Ce débat sur l'APA ouvre donc la perspective d'une discussion plus approfondie sur le contenu réel de la décentralisation et sur la pertinence des attributions de compétences respectives de l'État, des collectivités territoriales et de la sécurité sociale.
C'est à l'aune de ce débat que nous pourrons mener une véritable révision des politiques publiques, en gardant à l'esprit ces questions essentielles : comment répondre de la manière la plus juste et la plus économe des deniers publics ? Comment répondre de la manière la plus efficace aux besoins de la population ?
Avec le projet de loi de finances pour 2008, nous ne sommes pas du tout dans cette logique ! Nous sommes au contraire dans une logique de cache-cache, la règle étant de contraindre le partenaire éventuel à prendre pour lui ce dont on veut se débarrasser !
C'est ainsi que le Gouvernement, en faisant voter l'article 12 sur le contrat de stabilité avec les collectivités locales, a transféré plus d'un milliard d'euros de déficit au service public local.
Quand cela ne suffit pas, ce sont les citoyens qui paient la facture. Plus de 2 milliards d'euros de coupes claires ont ainsi été prévus dans la seconde partie du projet de loi de finances, dans nombre de missions, notamment dans les dépenses les plus socialement utiles.
Enfin, comment ne pas relever, en conclusion de cette intervention, que ce projet de loi de finances est largement conditionné par l'état de la situation économique mondiale ?
La poussée actuelle de hausse des prix - l'indice INSEE a augmenté de 0, 5 % en novembre -, le ralentissement de la croissance, notamment aux États-Unis, les perspectives assombries pour l'activité économique dans notre propre pays, le déficit grandissant de notre commerce extérieur, les tensions sur les marchés boursiers, la hausse des taux d'intérêt sont autant de facteurs aggravants.
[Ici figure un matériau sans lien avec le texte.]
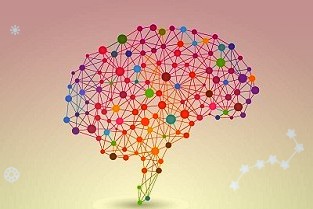 富祥药业：子公司取得项目备案证明建成达产后有利于提高公司相关产品产能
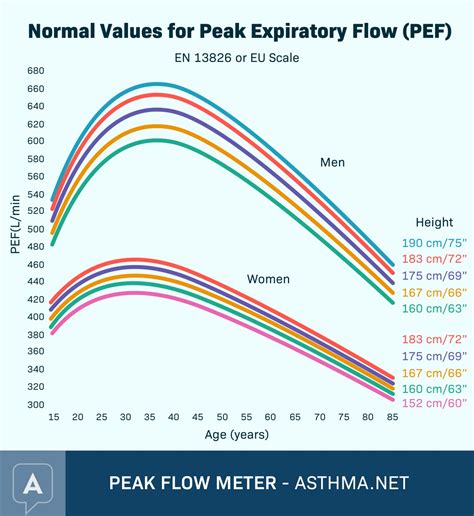 Asthma Pefr Chart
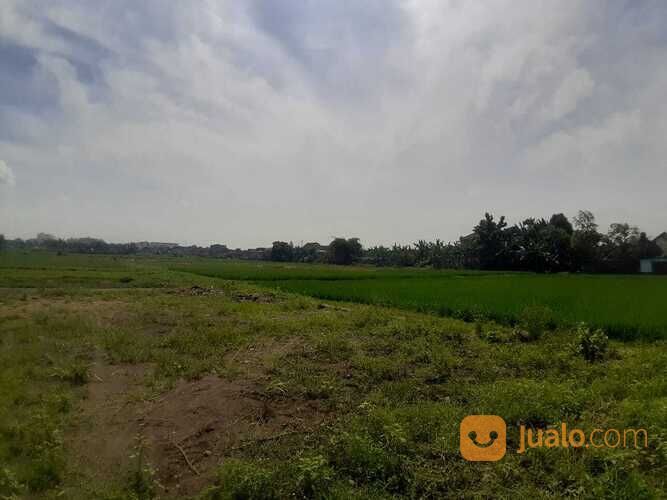 Promo Terbatas, Tanah Jogja, View Sawah dan Merapi, 10Menit Tugu Jogja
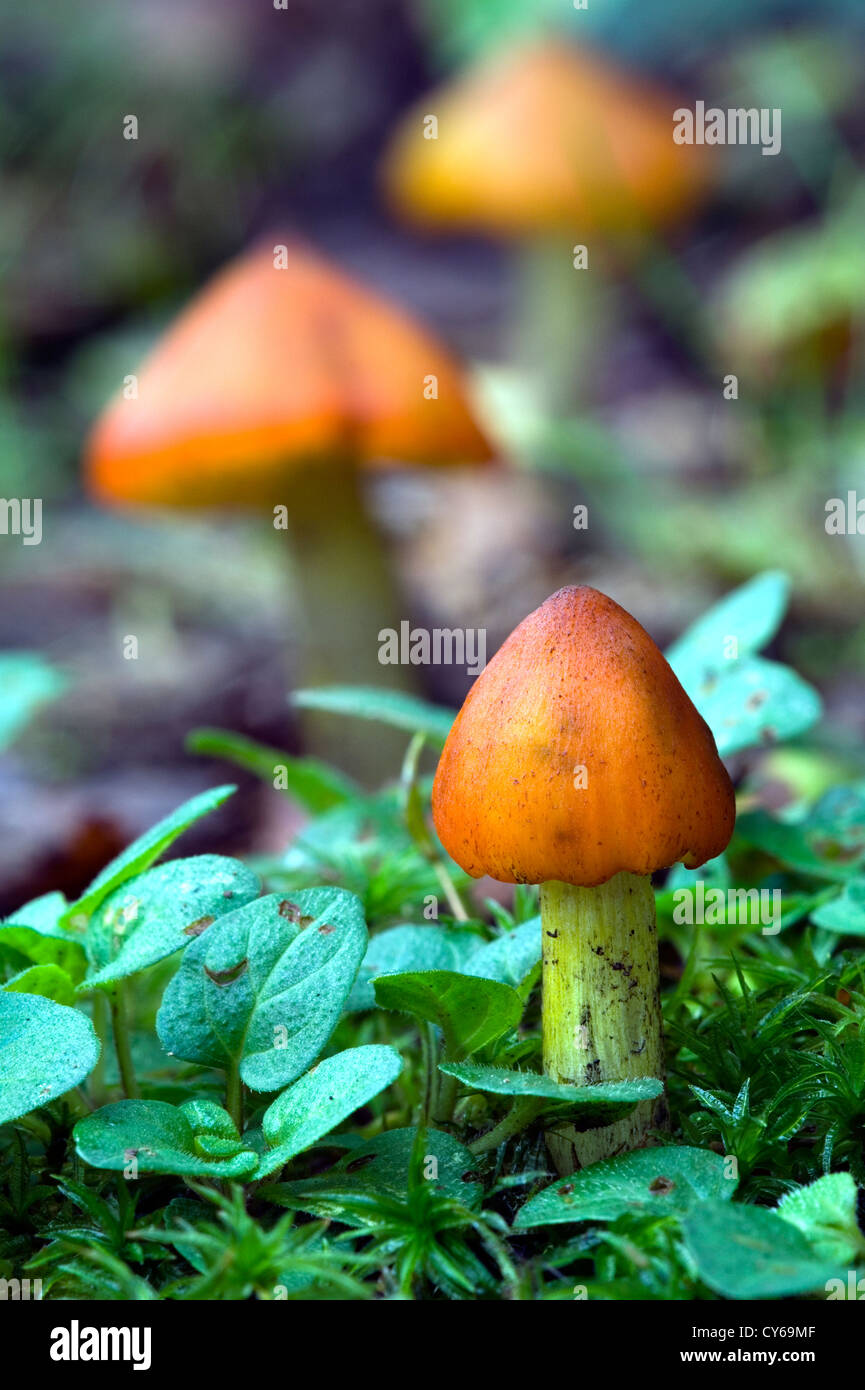 Schwärzung Waxcap Pilz (Hygrocybe Conica) Stockfoto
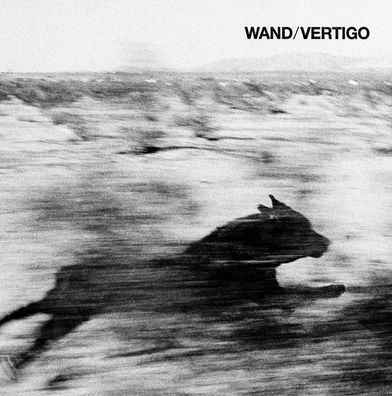 Wand: Wand: Vertigo - Drag City, - (LP / V)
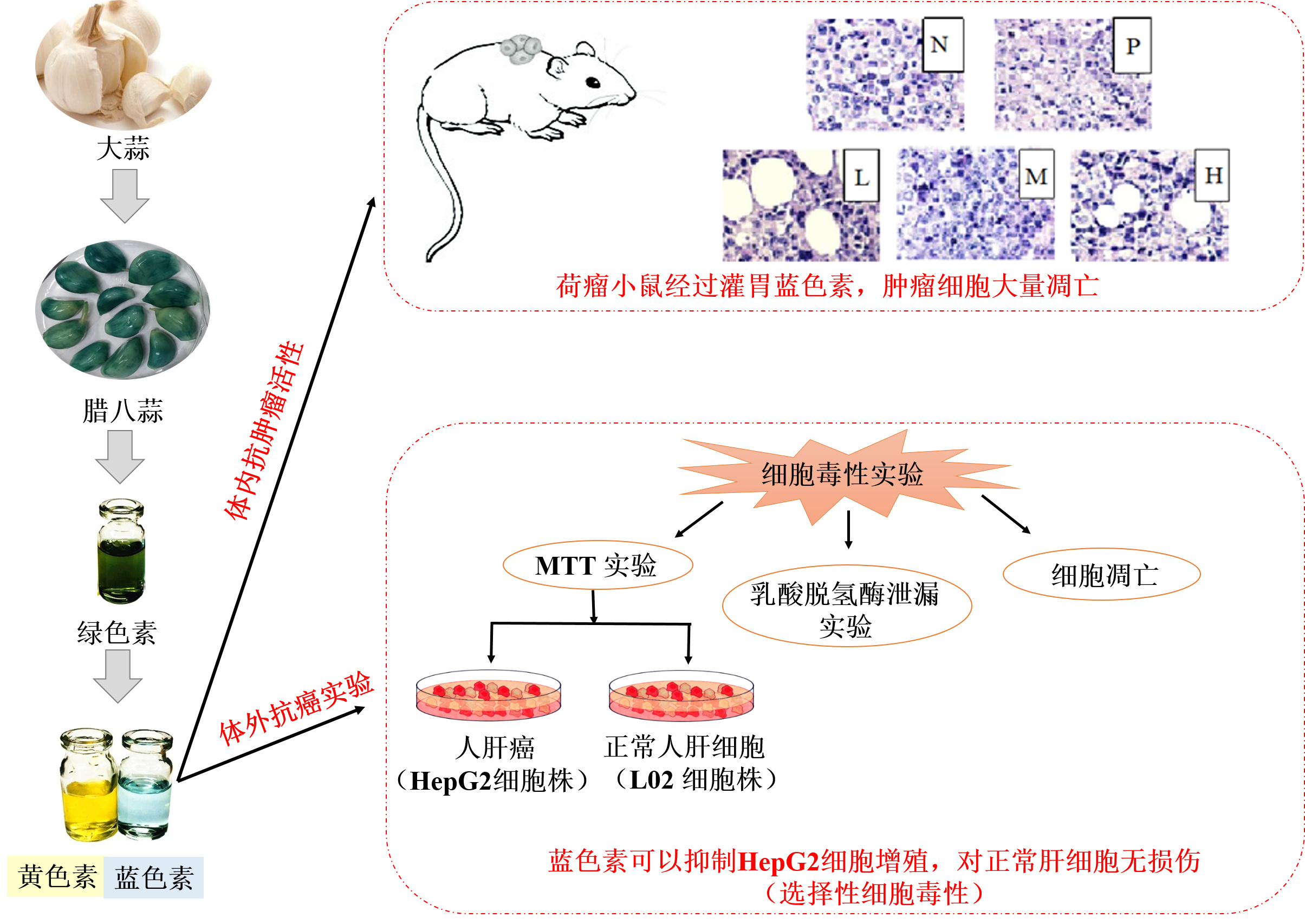 经过课题组前期动物实验及体外实验证实,腊八蒜蓝色素具有显著的抗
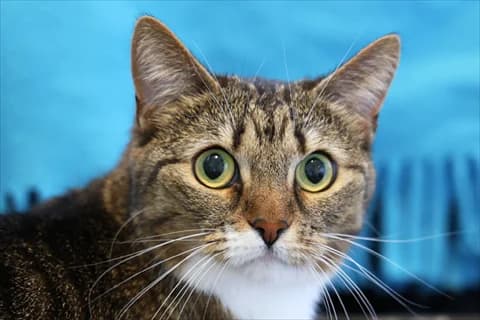 Natasha 2, vit 5yo Mixed Breed for adoption at Stockholms Katthem, Stockholms Katthem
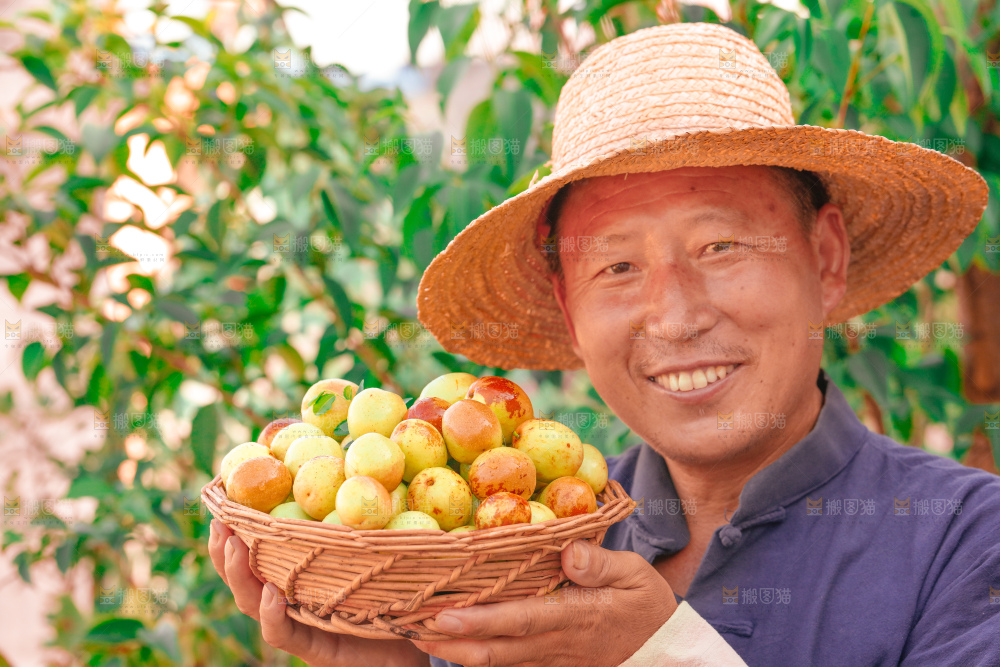 大荔冬枣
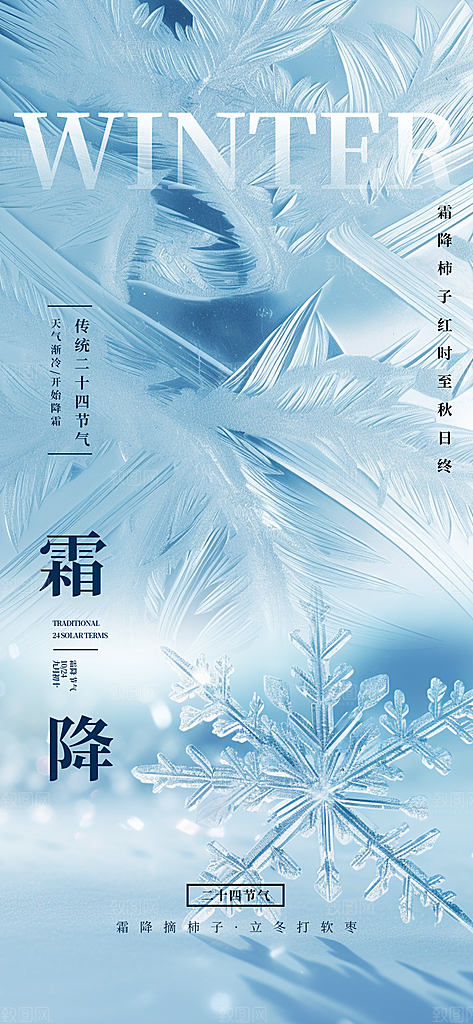霜降节气简约大气海报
Une bonne part des effets attendus du projet de loi de finances sont donc sujets à caution.
Nous aimerions nous tromper sur ces perspectives peu optimistes, mais nous pensons que, si la conjoncture se dégradait, ce serait une fois encore en imposant une cure d'austérité au plus grand nombre que vous trouveriez les solutions à vos difficultés.
Le groupe CRC ne votera donc pas les conclusions de la commission mixte paritaire sur le projet de loi de finances pour 2008.